"If you did this, you were probably struck by one thing above all else: Greenland is huge. Freaking huge. It looks about twice as big as the U.S., roughly as big as North America and Central America combined. And despite the public waffling between saying we need it for its military or natural resource offerings, this is probably the reason Trump wants it."
"If you've ever wrapped holiday presents, you know that covering round objects with flat paper is no simple task. To wrap a basketball, for example, you'd need to crumple the paper in a horrible mess or cut many pieces and tape them together with unsightly overlaps. Things would be easier if your wrapping paper were made of elastic.
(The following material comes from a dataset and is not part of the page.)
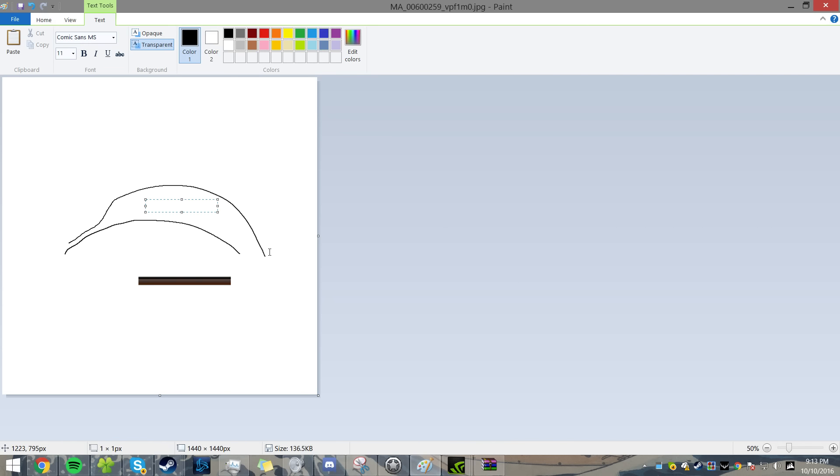This is the defining factor. Make sure you're in Comic Sans MS. And what you want to do is type. That's too small.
Then you could cut out strips or squares and stretch them into appropriately shaped patches to cover the basketball."
President Donald Trump expressed interest in acquiring Greenland, prompting attention to Greenland's apparent vastness. Greenland appears enormous on common world maps, looking roughly twice the size of the U.S. or as large as North and Central America combined. The apparent enormity likely motivates geopolitical interest more than stated military or resource reasons. Flat rectangular maps of a spherical Earth necessarily distort shapes and sizes. Wrapping a spherical object with flat paper illustrates the problem: covering a basketball requires crumpling or cutting and stretching pieces, which distorts any printed pattern. It is impossible to draw a flat, rectangular map of the spherical Earth without distortions.